# Fueling up your Diesel



## texastkikker (Dec 24, 2008)

How many of you shut off your diesel when fueling up? Just a wondering. I never did on my '01 6.6 Duramax or my '08 6.4 Power Stroke. Just bought a '16 6.7 Power Stroke.


----------



## sotexhookset (Jun 4, 2011)

Have had a few over the years and never have turned any of them off when fueling up. Still don't in my 6.7 or even my wife's suburban if I'm driving it. I've got a dumb obsession about not wearing out starters that I know is pretty much a wives tale. Lol


----------



## Poon Chaser (Aug 22, 2006)

I rarely turn it off anymore. 

Sent from my SAMSUNG-SM-G900A using Tapatalk


----------



## goodwood (Mar 30, 2009)

I turn mine off. I have no reason to keep running. 

Why do you guys keep it on?


----------



## coastman (Apr 18, 2013)

Sometimes I do sometimes I don't.


----------



## maskale (Sep 19, 2014)

goodwood said:


> I turn mine off. I have no reason to keep running.
> 
> Why do you guys keep it on?


this.

I have head some say they want to keep the engine warm. Its 1000lbs of iron and liquid, all at around 200 degrees. It wont get cold on you while filling. LOL.


----------



## Brute (Apr 29, 2009)

Some times I do.. some times I don't.

Reasons why... 

Keep heater on when its cold

Keep AC on when its hot

Some times there is music stored on the deal like tevo and if you shut it off you loose it... like changing the channel

Keep my Bluetooth on in case some one calls or so I can stay on the phone

A lot of times Im pulling in, jumping out, filling up and taking off again. Just seems like less wear and tear to leave it going.


----------



## DPFISHERMAN (Jun 6, 2011)

I turn mine off, maybe a habit idk. But I also pull the keys and take them with me. If I get distracted by something it is off and I have the keys and it reduces the chance of theft.


----------



## TxMav (Feb 6, 2015)

I turn mine off.


----------



## FLAT FISHY (Jun 22, 2006)

I keep my old goat spinning so I don't have to hear the punk next to me blaring some Kon yaz


----------



## boom! (Jul 10, 2004)

FLAT FISHY said:


> I keep my old goat spinning so I don't have to hear the punk next to me blaring some Kon yaz


I set my alarm off and let it go for those guys.


----------



## DSL_PWR (Jul 22, 2009)

Leave it running so the AC stays going and the seat stays cold. 

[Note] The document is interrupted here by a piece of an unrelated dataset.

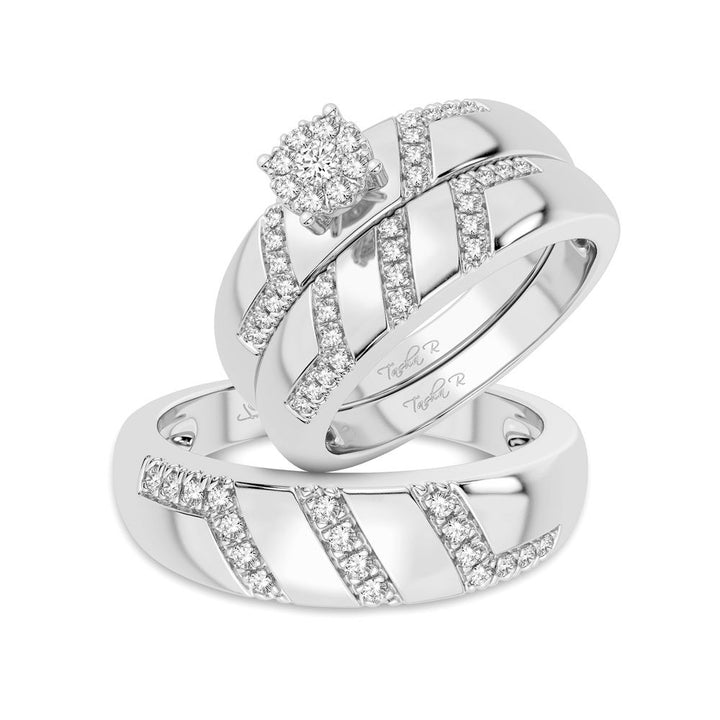14k White Gold Lab Diamond Trio Set for Women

I usually climb back inside whilst the pump is running. No reason to stand outside on a hot day. Same goes for cold days.


----------



## Reloading (Oct 27, 2014)

Off, just like all of my other vehicles. Idling the newer stuff is just causing more frequent regens, why would you want to do that?


----------



## Lebber32 (Aug 8, 2010)

Never turn it off


Sent from my iPhone using Tapatalk


----------



## SeaY'all (Jul 14, 2011)

The only time I turn it off is when I have to run into the store while filling.


----------



## BATWING (May 9, 2008)

I always do if fueling up in Houston. Im afraid someone is gonna steal it while Im in the store.


----------



## Nitroexpress (Apr 7, 2010)

I shut the Duramax down for anything that doesn't involve driving.


----------



## Jolly Roger (May 21, 2004)

If I am just filling never turn off my 6.7, if going in the store will kill it. In my 6.0 never turned them off unless I was going to be gone for a long time, would leave them running while I went into the store.


----------



## Court (Jul 16, 2011)

Off


----------



## texas bohunk (Dec 10, 2010)

If I'm towing my 5th wheel I will usually leave it running to cool the turbo down. If not towing it's about 50/50 if I turn it off or not.


----------



## Drewtk (Aug 22, 2011)

I leave mine running for two main reasons:
1. I have a 50 gallon tank, so it takes a lot longer to refuel. So I sit in the comfortable truck while I wait.

2. I'm often towing around 10K pounds, so I'd rather leave the engine running to keep the engine and turbo cool.


----------



## merchantfishn (Nov 17, 2010)

Never shut mine off


----------



## blackjack runner (Feb 24, 2015)

6.7 PS. Shut mine off most always unless pulling a heavy trailer. Then I leave running. On the old 7.3 dsl had to shut off or you couldn't hear yourself think...JK. Left it running most all the time. Also had a 75 gallon tank on the beast.


----------



## GoneSouth (Jun 4, 2010)

Half and half. My dealer told me the computer can throw a code if the tank increases while running. It is designed to calibrate the gauge when you start the engine. BUT it has never happened to me. This is for both gas and diesel. 


Sent from my iPhone using Tapatalk


----------



## K Man (Jun 21, 2012)

I turn mine off. Did the law change about having an engine running while refueling?


----------



## 6.5 shooter dude (Jan 8, 2008)

I turn mine off, it's not a kenworth.


----------



## raw10628 (May 23, 2004)

Turn my 6.7 off only if going inside for something.


----------



## Blakj5 (Sep 17, 2015)

always running!


----------



## D.L. (Sep 13, 2007)

Leave it running and lock the doors with the keypad if I need to go inside.


----------



## catman6 (Mar 16, 2009)

'08 f350 6.4
I usually shut mine off. Most gas and diesel pumps have a sign that notes "Shut of engine while refueling" which is a state law. The law came about due to the catalytic converters on modern cars are so hot they can ignite the fumes from gasoline. Diesel has a higher flash point and is not as much of a problem of ignition as gasoline. The law applies to both fuels.


----------



## williamcr (Aug 8, 2006)

For me it just depends if I am filling it from my transfer tank or filling it at a fuel station


----------



## boom! (Jul 10, 2004)

catman6 said:


> '08 f350 6.4
> I usually shut mine off. Most gas and diesel pumps have a sign that notes "Shut of engine while refueling" which is a state law. The law came about due to the catalytic converters on modern cars are so hot they can ignite the fumes from gasoline. Diesel has a higher flash point and is not as much of a problem of ignition as gasoline. The law applies to both fuels.


08 f350's will burn down while shut off and miles from a gas station all on their own.


----------